Mr. Parsons, in his work, 2 Parsons, Contracts 746, says: “All contracts which provide that anything'shall be done which is distinctly prohibited by law, or morality, or public policy, are void, so he who advances money in consideration of a promise or undertakes to do such a thing may, at any time before it is done, rescind the contract, and prevent the thing from being done, and recover back his money.” To the same effect, see, 3 Addison, Contracts (Am. ed.) §1412; *396Chitty, 'Contracts (11th Am. ed.) 944; 1 Story, Contracts (5th ed.) §617; 2 Greenleaf, Evidence (Lewis’s ed.) §111.

It may be conceded that our own cases have gone very far in refusing aid to one who has been a party to an illegal contract, where it has been even partly executed. As suggested above, appellee is not shown to have done anything with respect to the illegal portion of the contract. It is in fact alleged that no part of it had been carried out. In one sense the contract is an entire one, as embracing both a legal and an illegal consideration, but as indicated by the decisions, they may be disassociated where the parties are not equally guilty of wrong. Such cases as Overshiner v. Wise-hart (1897), 59 Ind. 135, and Hutchins v. Weldin (1888), 114 Ind. 80, 15 N. E. 804, do not reach the question here, because in the former, the party seeking relief had been an active participant in an undertaking wholly fraudulent, and in the Hutchins case the court plants the decision on the ground that the plaintiff got all that he bargained for. So in Swain v. Bussell (1858), 10 Ind. 438, Swain got exactly what he bargained for, and was bound to know that the whole transaction was prohibited. In Board, etc. v. Garrigus (1905), 164 Ind. 589, 73 N. E. 82, 74 N. E. 249, it is pointed out that there is a distinction between cases where both parties are equally guilty of wrong, and where one has been overreached by another into the making of the contract, and also between actions to enforce, and those to rescind. In our own court, such cases are: Spaulding v. Nathan (1898), 21 Ind. App. 122, 51 N. E. 742; American Mut. Life Ins. Co. v. Mead (1906), 39 Ind. App. 215, 79 N. E. 526. The strongest case perhaps in this State, presenting the question of partial execution is Chicago, etc., R. Co. v. Southern Ind. R. Co. (1906), 38 Ind. App. 234, 70 N. E. 843, but it will be observed that the action was to enforce, and not rescind, and in that case as in the Mead case, the doctrine of Kain v. Bare (1892), 4 Ind. App. 440, 31 N. E. 205, and Regensburg v. Notestine (1891), 2 Ind. App. 97, *39727 N. E. 108, is declared that if the contract is induced by fraud, it may be rescinded.

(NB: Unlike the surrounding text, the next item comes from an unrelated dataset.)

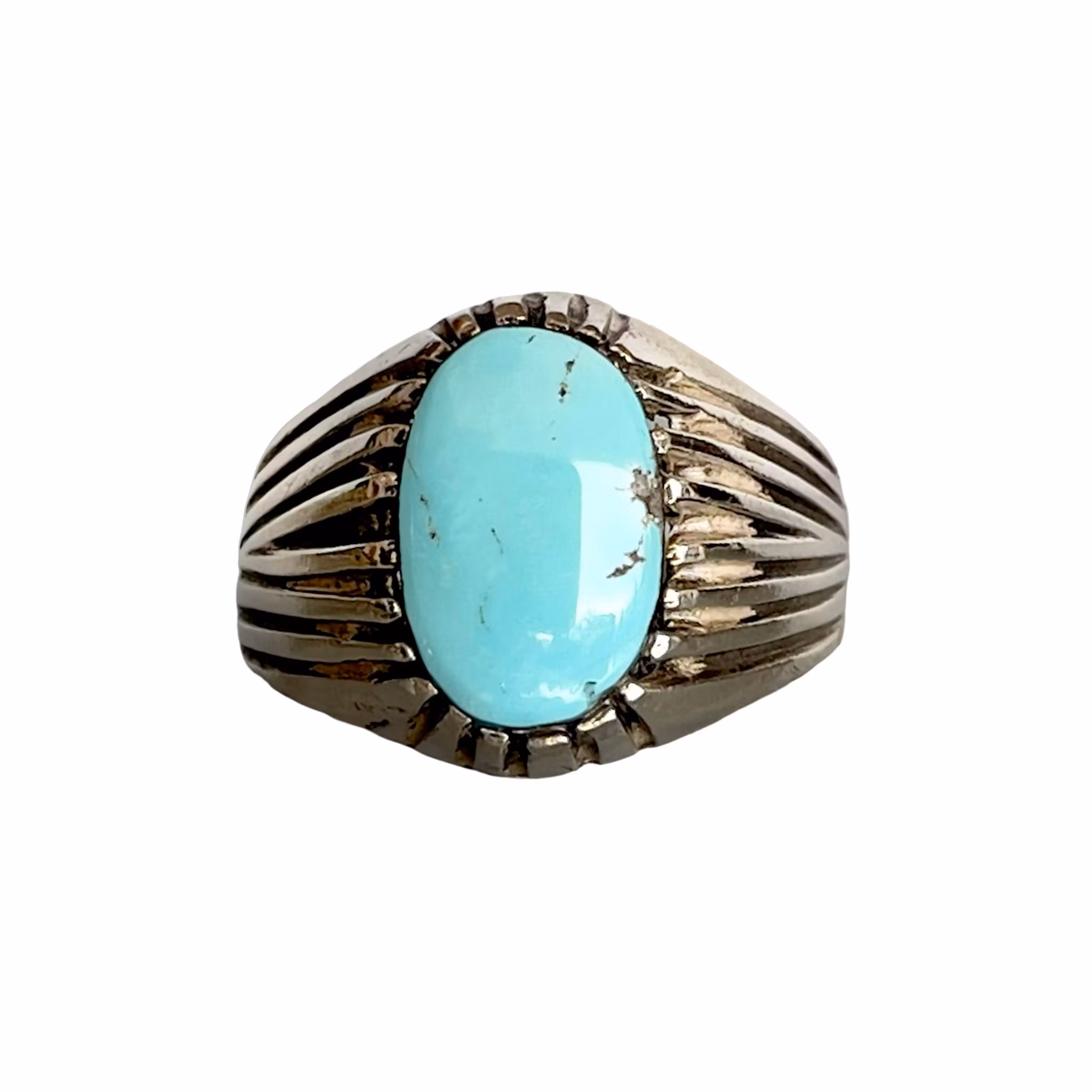 8 Ct Nishapur turkos - Vintage silverring - 5,3 g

The evidence discloses that appellant took a conveyance for property worth $10,000 or more, without any examination of it, from which the inference of his relation to the transaction in its entirety, may be readily drawn. He knew of the existence of the oil stock, and had full knowledge that it was practically of no value, and that having assented to the property being incorporated, he knew that- there ivas nothing to do but take what he could get, without any questions asked, or inquiry made, as his evidence practically discloses. It also appears that appellee received $250 a month for two months, and it is alleged he rendered full value for it. Conceding that this salary was received under the contract, if the services rendered Avere o£ that value as services, and there is no intimation to the contrary, and it also appears that he was never secretary or director, no estoppel can be predicated on that fact, for no one can be estopped by receiving what he is entitled to, or as in this case, the fair value of services rendered, in addition to the fact that it will be presumed to be a fair value. Drury v. Hayden (1884), 111 U. S. 223, 4 Sup. Ct. 405, 28 L. Ed. 408; Elliott v. Sachett (1883), 108 U. S. 132, 2. Sup. Ct. 375, 27 L. Ed. 678; Smith v. Kidd (1877), 68 N. Y. 130, 23 Am. Rep. 157.

I am impelled by these additional reasons to concurrence in affirmance of the judgment.

Note. — Reported in 106 N. E. 694, 699. As to actions on illegal contracts, see 8 Am. Dec. 691. See, also, under (1, 4) 9 Cyc. 550; (3) 31 Cyc. 333; (5) 9 Cyc. 551; (6) 29 Gyc. 1037; (7) 29 Cyc. 1035; (8) 3 C. X 725; 2 Cyc. 672; (10) 3 Cyc. 360.